Her eyes shot open, and she straightened.

Perhaps she didn’t need another’s memories to find Mordred; he was in her memories.

They shared paths of the mind. Her eyes drifted closed once more as she brought herself back to her interpreted memory.

Her skin prickled, and she clung to that metallic taste in the air, breathing it in fully as the feeling of Reeve behind her, and the saddle beneath her dripped away into nothing.

She allowed her mind to fall into the memory of his bared teeth and the sounds of flesh ripping.

Her vision flashed with a burst of bright colors and shifted into a long room at Castle Morana. Abraxas and Mal sat at a wide table, their voices hushed. Maeve’s heart jolted at the sight of her cousin. He’d lost weight, but he was alive.

She wanted to call out to him, ask him to verify his safety, to tell her where Zimsy was, if she was alright, but the only sound that made it out was a high-pitched whine.

At last, Maeve realized she wasn’t observing them through her own body.

She looked down, taking in the bright white mass of fur.

Her attention shot back to Abraxas and Mal.

Neither of them looked her way, or rather, neither of them looked Mordred’s way.

She yanked herself out of the wolf’s mind, knowing she didn’t need to risk giving herself away. Like moving through a current of water, she slid back into the bright white forest on Heims, back into Reeve’s gentle hold.

She did it. She did it with ease. The possibilities were endless for where she could jump, who she could see. She could jump to Zimsy!

If she’d ever acted faster, she couldn’t remember a time.

She didn’t slowly dip into her memories with Zimsy.

No. She let the world fall out from beneath her and plunged herself into endless falling darkness.

Memories and time spiraled around her, twisting her body in every direction and way.

She pulled, no, sucked them all towards her until she was drenched in the feeling of her ally, her best friend.

The sound of her laugh, the smell of her cooking, the color of her eyes bled into the darkness, replaced with an infinite warmth of sisterhood that sat deep in Maeve’s chest.
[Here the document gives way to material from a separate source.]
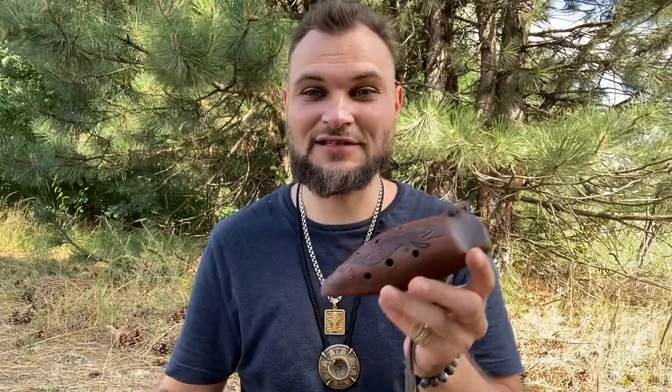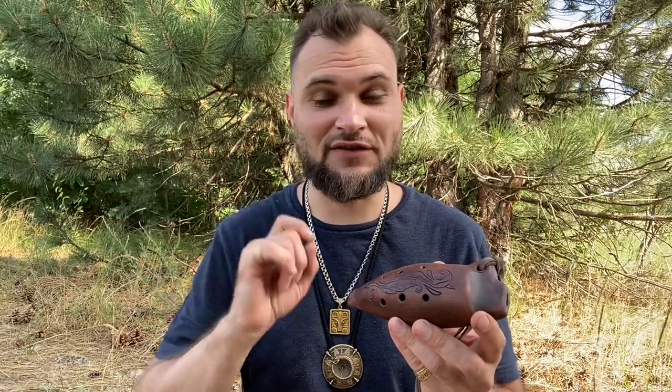Подписывайтесь на канал. Не забудьте ставить обязательно палец кверху. Меня это подбадривает и, конечно же, вдохновляет. И ждите выхода новых роликов. И пишите свои комментарии — для меня это тоже очень важно. С вами был я, Валентин Медведь, и мастерская этнических ремесел «Степной дух» и «Флейта Акарина». Всех обнял.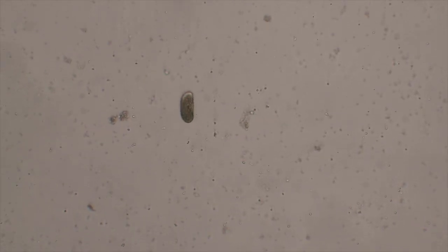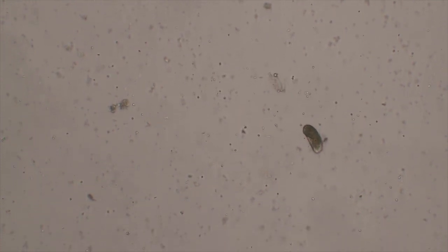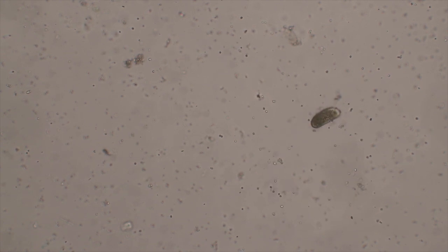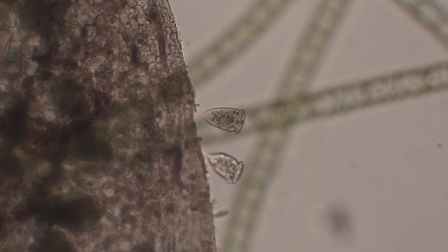This is a ciliated protist — a large single-celled organism whose cilia are like hairs covering the organism. They beat together in coordinated waves, allowing this thing to whizz and spiral around at very high speed as it chases after prey.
Irreplaceable and unmistakable.

She twisted her body, perfectly timed as her feet slammed into solid matter.

At the same time, her eyes opened, and before her was a vast expanse of earth.

Long dead and dark, blurred and fuzzy. Violent winds assaulted her at once.
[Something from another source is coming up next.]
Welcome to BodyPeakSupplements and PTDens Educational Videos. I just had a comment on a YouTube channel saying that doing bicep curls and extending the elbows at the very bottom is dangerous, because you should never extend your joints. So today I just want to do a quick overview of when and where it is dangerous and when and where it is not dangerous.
She could barely open Zimsy’s eyes to take in her surroundings, but she got enough of a look to understand.

Zimsy’s vision faltered beneath Maeve’s intrusion. Maeve looked down, Zimsy’s body barely strong enough to obey the motion, where she lay on rocky terrain. Her bones were still exposed, her skin torn. But, confirmed by the small rise and fall of her chest, she was alive.
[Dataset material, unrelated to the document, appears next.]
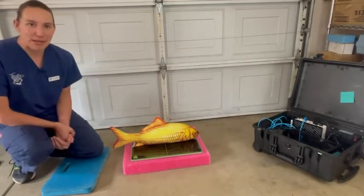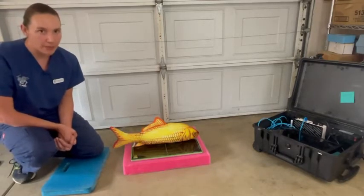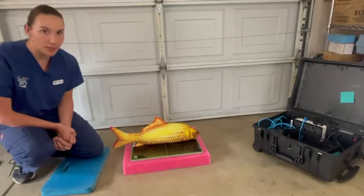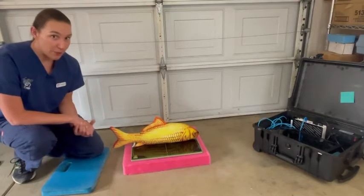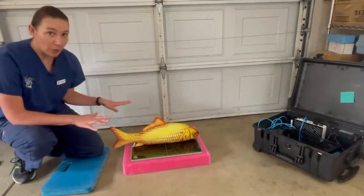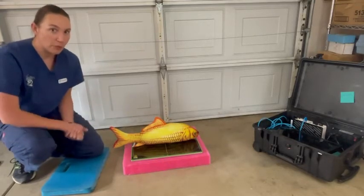I apologize that we have not been able to post any videos lately — we've been insanely busy on the road. So we are now coming from the very exotic location of my garage, because we need to be able to show you today how we take radiographs on fish. For this demonstration, we're obviously using fake fish and none of our equipment is plugged in, but I'm going to go ahead and pretend to get ready.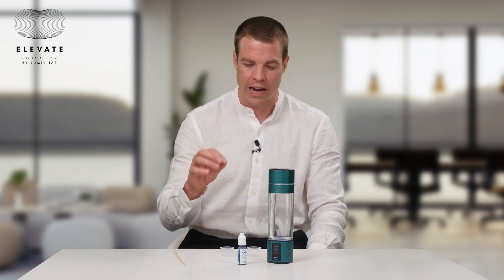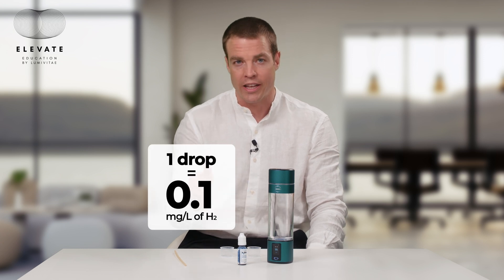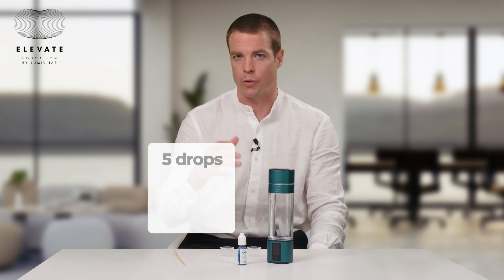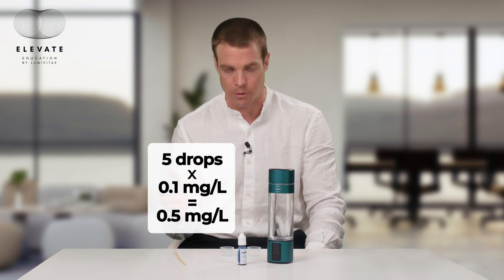So many people try to do testing of the hydrogen concentration, which is important because there are a lot of products out there that don't make even detectable levels of molecular hydrogen. The most simple way to test is using this reagent, the H2 Blue. It's more of an art than a science. It has methylene blue in it, and it reacts with hydrogen molecules, converting the methylene blue into leucomethylene blue, which is a translucent or clear form. Every drop of reagent you put into the hydrogen water that turns clear is equivalent to 0.1 milligrams per liter. You continue adding drops stepwise until you reach the titration endpoint, which is when you add the last drop and it turns blue and stays blue. So if you added five drops, that's 0.5 milligrams per liter.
“Zimsy,” she said, forcing the words out of the Elf’s mouth. Her voice was raw, cracked, and barely audible. “I am coming.”

She yanked herself back to the forest at Heims, twisting her torso and looking up at Reeve, triumph blown wide across her features. “He’s at Morana,” she said with certainty. “And Zimsy is on the Dark Planet.”

Reeve’s face was completely unreadable. She couldn’t tell if his shock held praise or terror. Maybe it was both. The sound of Eryx’s fast approaching horse flooded her ears.

“What did you just say?” he asked tensely.

Reeve held Maeve’s stare for a moment more, then the light of a Portal reflected on his face. “Go,” he said to Eryx, who didn’t need to be told. The man was already hurtling towards a Portal Reeve made for him.

“I’m going too,” said Maeve, but Eryx was already through the Portal, and Reeve’s hold on her tightened fractionally.

She glared up at him.

“You found her, Maeve. Let Eryx get her to the waters in Aterna, and she will be waiting for you when we return.”

Maeve opened her mouth to speak, but Reeve spoke first, his voice so bare and unmasked, the thread between them tightened.

“I need you here.”

“No,” she said, her voice stern. “I want to go to her.”

Reeve's eyes were devastatingly soft. His head lowered until his forehead touched down at the crown of her head. With closed eyes, he begged her. “Please, Maeve. I need you here.”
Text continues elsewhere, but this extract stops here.